Why is socialism in one country impossible?

Why did Russia degenerate into a totalitarian, Stalinist dictatorship, and how does the planned economy work to develop the productive forces without the “check” of the market?

What about Mao and the Chinese Revolution?

Is China today communist or capitalist?

Q. Why is socialism in one country impossible?

A. First of all, socialism absolutely needs to be based on a high level of productivity. The lowest stage of socialism must be the highest stage of capitalism. If so many of the problems in the world today are due to the unequal distribution of resources, then the only solution is to produce more than enough and distribute it democratically to provide a high standard of living for all. Nowhere in any of the writings of Marx, Engels, Lenin, or Trotsky will you find them proposing the idea of socialism in one country. The Stalinist, nationalist idea of socialism in one country has nothing to do with Marxism which has always been internationalist in perspective.

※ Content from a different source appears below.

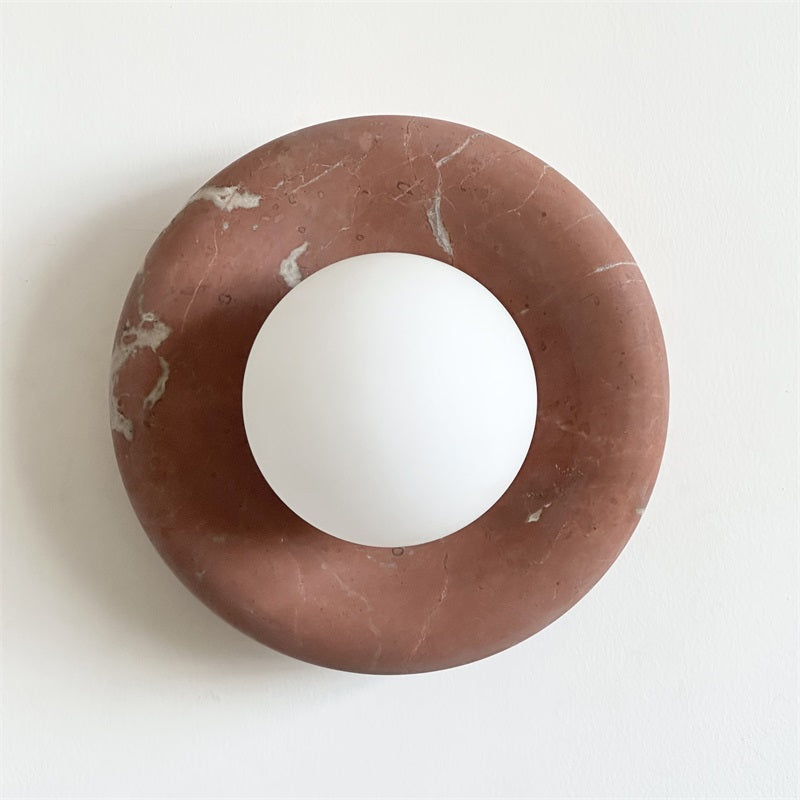 Hako Marble Indoor Wall Sconce - Neutral Decor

The working class has had many opportunities to carry out a socialist transformation over the last century, and has tried in many different countries. However only once, and then only temporarily did they succeed, in the Russian Revolution of 1917. This revolution in a backward country succeeded in overthrowing 1000 years of Tsarist autocracy, and the working class began to grapple with running the whole of society. However it was never the intention of Lenin to build socialism in one country. That is impossible, as socialism requires a massive increase in production to produce the needs of society. That requires the pooling of resources internationally. Also of course, capitalism cannot simply be defeated in a single country. The revolution must spread to other countries, and eventually the whole world.

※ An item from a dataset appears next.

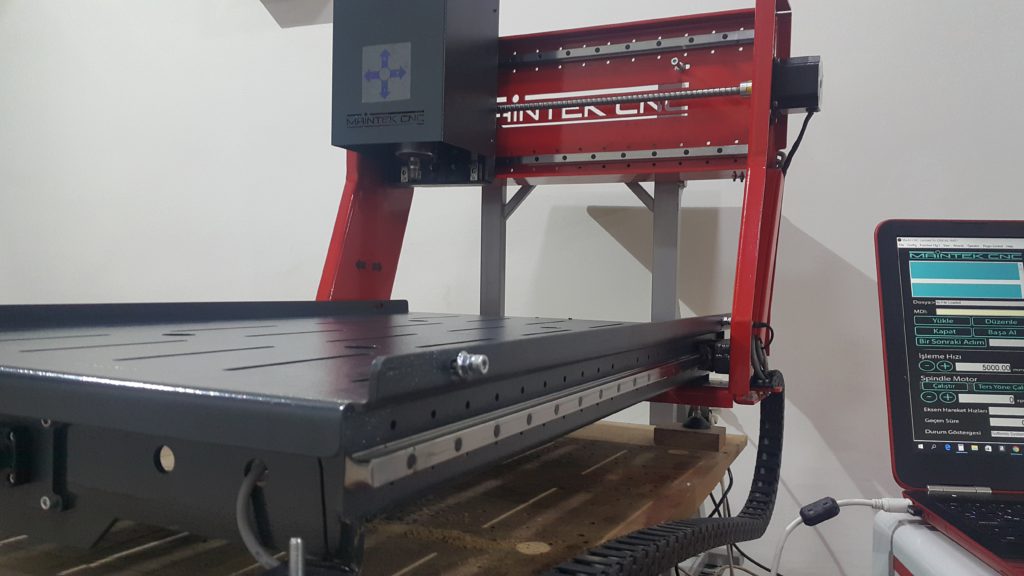 Mini CNC için Güç Paketi ile her eksende kare kızak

As a result of its isolation, and its backwardness, civil war, and the assault of 21 armies of foreign intervention, the revolution in Russia hung by a thread. Without the assistance of revolutions in more economically advanced countries in Europe, there could not be socialism in Russia. If the revolutions in the rest of Europe had been successful, they could have all pooled their technology, natural resources, and populations as one in order to begin producing enough for all and spreading the revolution to the rest of the world. Instead, the isolated revolution degenerated into a bureaucratic dictatorship. The struggle for socialism must be international!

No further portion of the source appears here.